Kementan Dorong Kerjasama antar Lembaga Hadapi Tantangan Resistensi Antimikroba
Bogor – Kementerian Pertanian (Kementan) melalui Balai Besar Pengujian Mutu dan Sertifikasi Obat Hewan (BBPMSOH) menerima kunjungan kerja dari Kementerian Koordinator Bidang Pembangunan Manusia dan Kebudayaan (Kemenko PMK) RI, didampingi dengan FAO, dan WHO pada tanggal 30 Juni 2025 sampai 1 Juli 2025. Kunjungan ini menjadi bagian dari upaya penyusunan payung kebijakan pengendalian dan resistansi antimikroba (AMR).
Resistensi antimikroba (AMR) terjadi ketika mikroorganisme seperti bakteri, virus, jamur, dan protozoa kebal terhadap obat antimikroba, sehingga pengobatan menjadi tidak efektif.
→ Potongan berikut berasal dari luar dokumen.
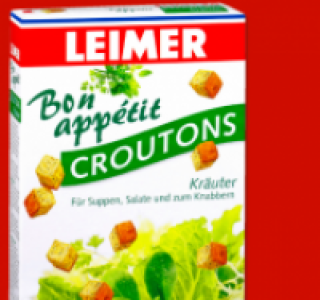 LEIMER Croutons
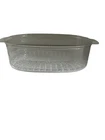 Rival Double Food Steamer CKRVSTLM21 Replacement Basket Bowl Tray # Used. Price: $9.78.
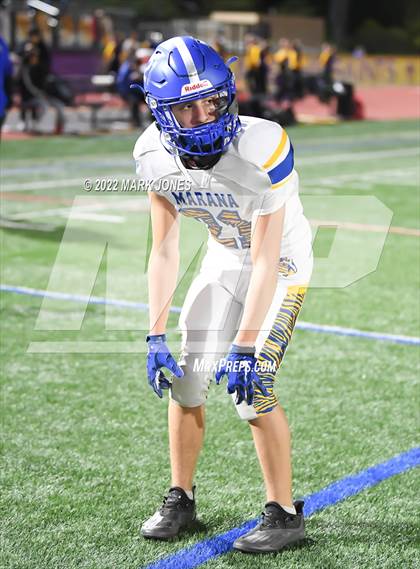 Thumbnail 3 in Notre Dame Prep vs.Marana (AIA 5A Quarterfinal) photogallery.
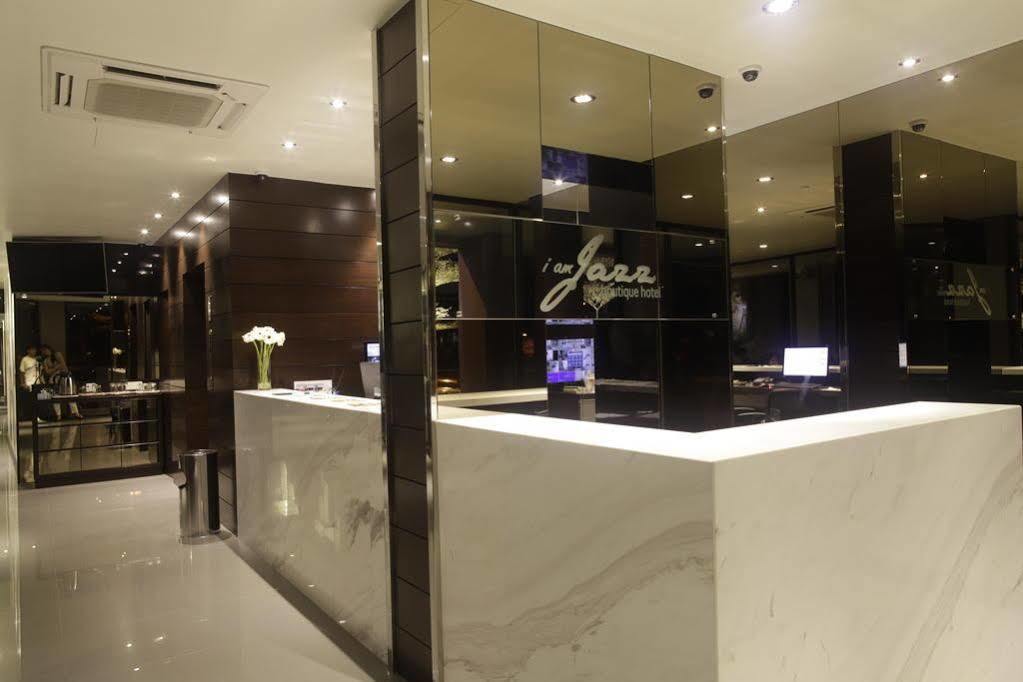 I am Jazz Hotel Johor Bahru Esterno foto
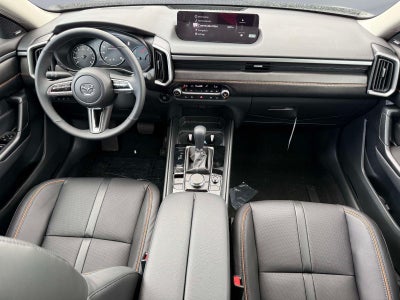 2026 Mazda Mazda CX-50 2.5 Turbo AWD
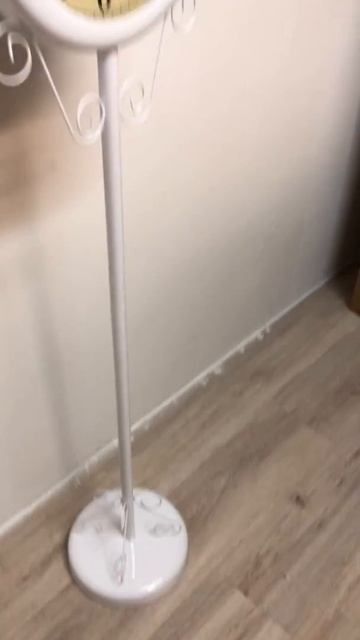 Напольные часы GALAXY AYP-810-1 White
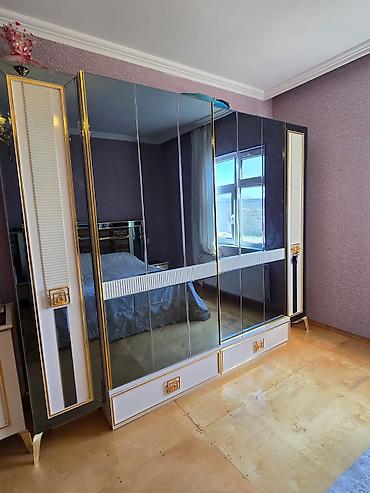 Yataq otağı dəstləri: İkinəfərlik çarpayı — 1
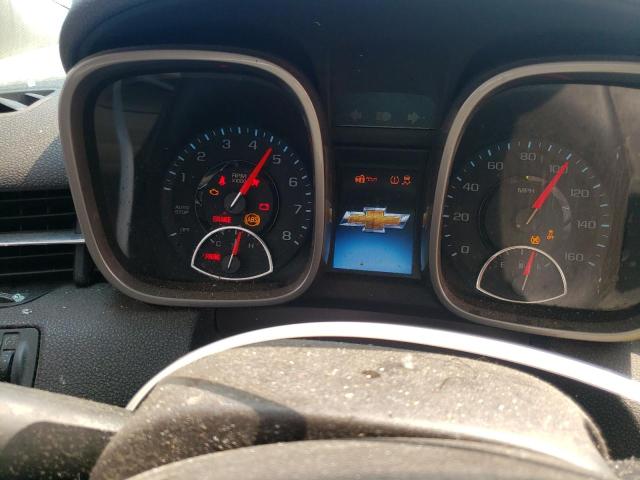 1G11H5SL1EF300242 - 2014 CHEVROLET MALIBU LTZ 米色 照片 9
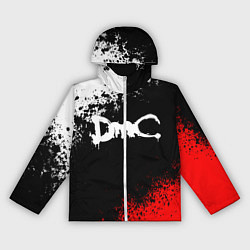Женская ветровка DEVIL MAY CRY DMC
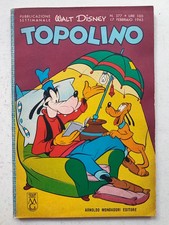 Topolino libretto 377 usato  Messina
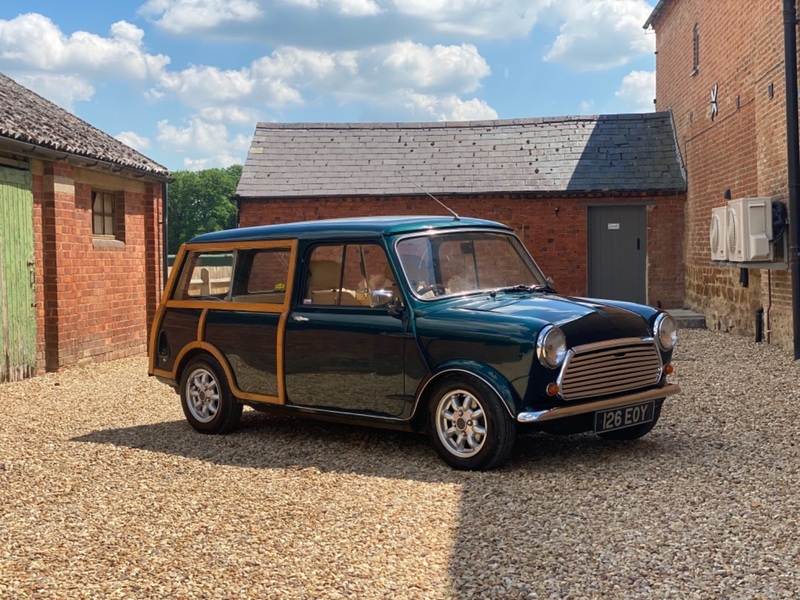 AUSTIN MINI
AMR menjadi ancaman serius bagi kesehatan manusia, hewan, dan tumbuhan.
Dalam sambutannya, Asisten Deputi Peningkatan Kapasitas dan Ketahanan Kesehatan Kemenko PMK, Nancy Dian Anggreini memaparkan pada tahun 2020 Kemenko PMK mendorong usaha dalam mendukung kegiatan resistensi antimikroba (AMR).
"Selanjutnya akan digelar aksi sesuai aturan PMK No. 7 tahun 2021 yang akan diadakan tahun 2025 – 2029, perlu diadakan forum diskusi untuk berbagi data antara BBPMSOH dengan BPOM mengenai perkembangan AMR saat ini." ujar Nancy.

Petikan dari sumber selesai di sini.